La marche vers ses mots trouve son aboutissement dans un espace qui les fait résonner à voix haute, redonnant au texte son souffle originel : celui d’une poésie qui se dit, se vit et se célèbre au grand jour. En marchant, le promeneur redécouvre ce patrimoine immatériel, transmis de génération en génération. La poésie devient alors un fil vivant entre passé et présent, reliant la parole du poète à celle du territoire et de ceux qui l’habitent. Écrivain-paysan, la trajectoire de Joseph Delteil s’achève comme elle avait commencé : dans la lumière du Languedoc, au cœur d’une nature qu’il avait choisie comme compagne et confidente. Là, au profit d’une existence accordée aux rythmes de la terre et aux voix secrètes du vivant, dans le silence des collines, il trouva la plénitude et l’apaisement, poursuivant son dialogue intime avec les mots.

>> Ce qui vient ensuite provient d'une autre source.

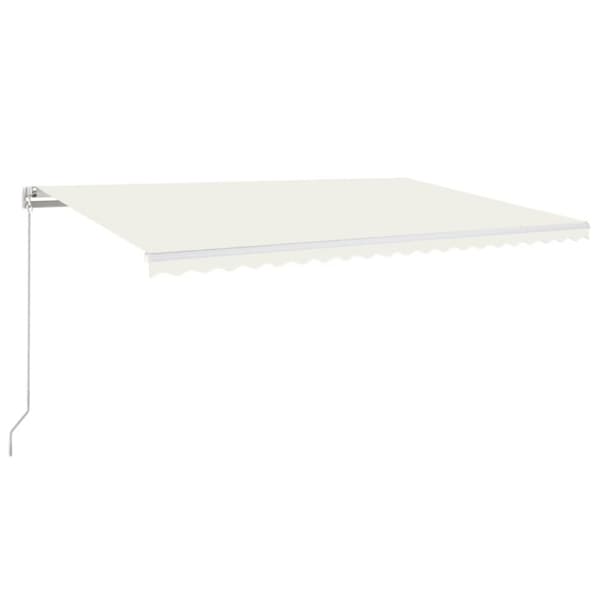 vidaXL Manuaalisesti sisäänkelattava markiisi 500x350 cm kerma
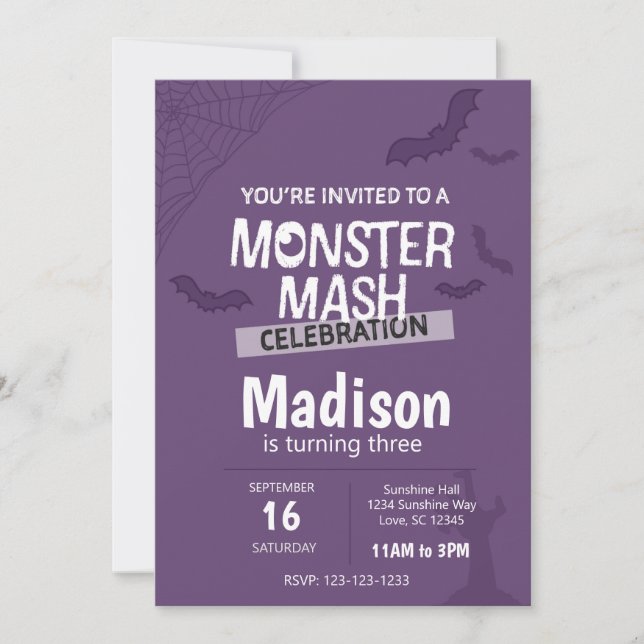 Monster Mash Halloween Invitation d'anniversaire ( (Devant)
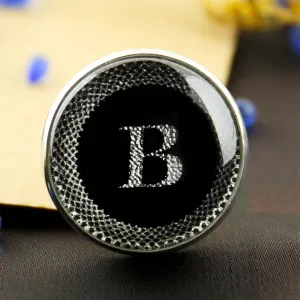 Kavove Alphabet 'B' Black Colour Lapel Pin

Aujourd’hui, son héritage se prolonge bien au-delà des pages, jusque dans les paysages qui l’ont vu naître, au cœur du « Sentier en Poésie » où la lecture se fait marche, à la poésie vibrante, comme un hommage vivant à sa voix unique. Marcher, lire, écouter, il s’agit d’une expérience sensorielle. Ce projet est à la fois un transformateur de patrimoine et une cartographie littéraire vivante. Arpenter le « Sentier en Poésie », c’est s’ouvrir le cœur, s’emplir de mots, s’enivrer de senteurs et de couleurs ; c’est sentir l’âme de Delteil, lumineuse, portée par une joie d’exister et un émerveillement toujours renouvelés !

De manière symbolique, le chemin invite au recueillement et à la contemplation. Comme la fin de la vie de Delteil, il n’est pas un terme abrupt mais une ouverture — vers le ciel, la terre, l’invisible. Ainsi, la conclusion du sentier résonne comme un pas ultime qui prolonge l’écrivain au-delà de sa disparition, dans la permanence des paysages et dans la force toujours vivante de sa parole.